Maybe I'm a stupid waitman, but enough was enough. My liklik initiative came to nothing.

I regard this as my greatest failure whilst in PNG. Sad but true.

Kela Kapkora Sil Bolkin

Phil, an interesting thing I noticed about settlements.

The population of the National Capital District is about 400,000. A quarter of these people earn an average income of K9,000 per annum through casual jobs.

They spend about K18,000 per annum through the demands outlined by social cohesion. The difference between 9,000 and 18,000 is financial pressure, however that pressure is easily met by one of the siblings through the selling of betelnut and smokes each day and night.

For example, of the 400,000 people in NCD about 100,000 are regular betelnut chewers so K1.00 x 100,000 x 10 betelnut per day x 365 days equals 365 million.

Yes, about 365 million in untaxed money circulated in the betelnut industry in one year.

Well, that is why the good Governor found it hard to stop the expansion of settlements and betelnut sales in NCD.

More people left the undeveloped rural areas to chance on this trade in NCD. To a settlement dweller in NCD the betelnut is his or her goldmine.

Hence, men and women alike, both in school & out of school young people and old people from the settlements drink more beer and are merry or troublesome from bettlenuts income than those that are enclosed inside razor wire fences who concentrate on plundering or pilfering the state coffers.

Though the living conditions are sordid, a few of these betelnut sellers with strong financial discipline have risen from the ghettos to the skyscrapers already using the settlements as a stepping stone.

By the way, in one year the 100 000 betelnut chewers spew out about three Olympic swimming pools on the streets of Port Moresby.

Peter Kranz

Phil - Yes, many settlements around Moresby are constructed of lean-tos from scavenged materials and the living conditions would make most westerners look aghast.

But there is a thriving social community in most settlements - provincial groups tend to come together for support, help each other out, and there are schools, clinics, churches and decent houses in some (e.g., the Don Bosco complex near Kaugere).

There is time for mumus and cultural celebrations, playing with the kids, going on outings and seeking to find ways to improve life.

The answer isn't to 'raze the settlements' in some Draconian manner, but to build some decent infrastructure for them (roads, water, power) help improve the standard of housing.

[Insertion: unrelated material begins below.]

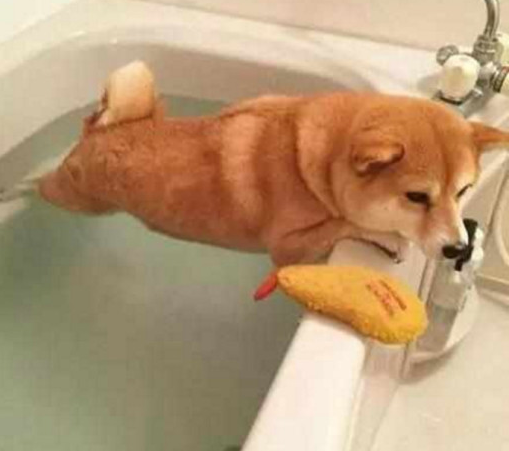 柴犬千辛万苦挣脱不洗澡,小表情觉得是去上竞技场,场景令人笑到不好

Maybe by providing cheap loans for local housing co-ops - sort out a deal with the traditional owners for fair use of the land, and encourage community development - like Lydia's school is doing.

I have often been invited to events in the midst of settlements and met with great generosity, kindness and a community-sharing of resources which is unlikely to happen in a westernised suburb.

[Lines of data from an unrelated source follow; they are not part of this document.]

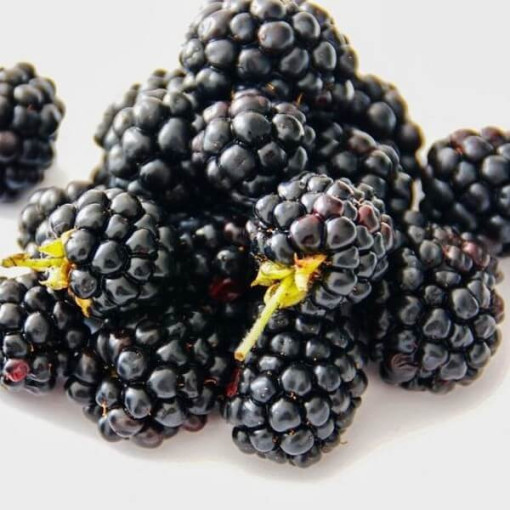 Thornless Blackberry 'Navaho' P9/C1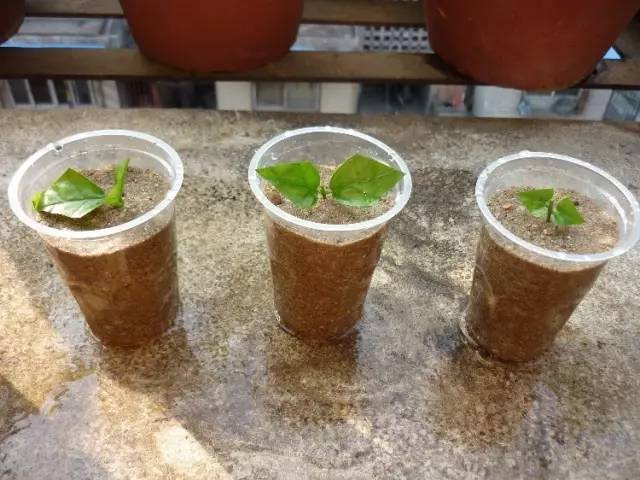 茉莉花像什么比喻句和拟人句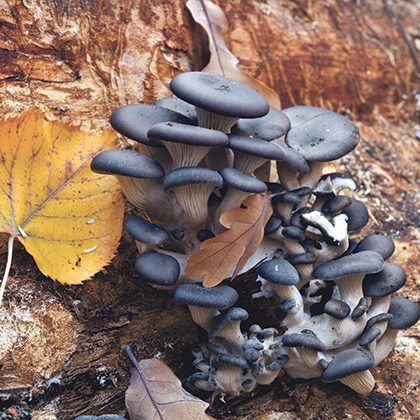making a mushroom garden - Pleurotus ostreatus - Oyster mushrooms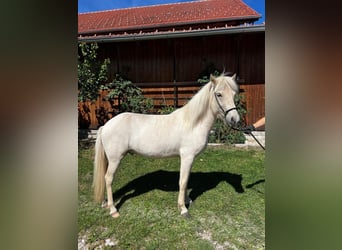 Islandais, Hongre, 3 Ans, Gris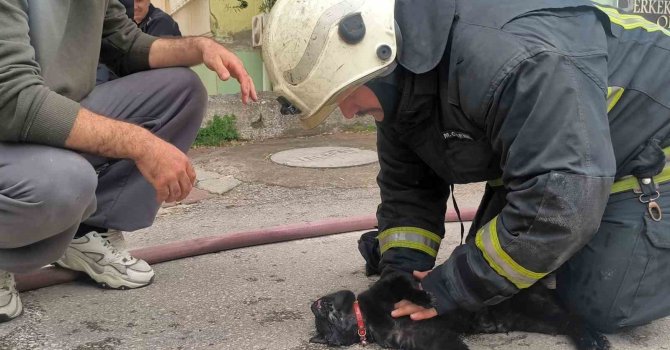 İtfaiye eri yangında dumandan etkilenen kediyi kalp masajı ile hayata döndürdü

There are also some settlements which are gradually being transformed into decent places to live - such as ATS, the outskirts of Morata, 2 Mile etc.

My bro is building a house for the family at ATS after he was assured of permanent tenure by the local Koari landowners. It will have power and water and will be decent accommodation for families.

Surely this would be a worthwhile use of the windfall millions coming into PNG because of the mining, gas and other resource developments?

What's needed are a few decent leaders (like Parkop and Kidu) with the foresight and vision to make it so.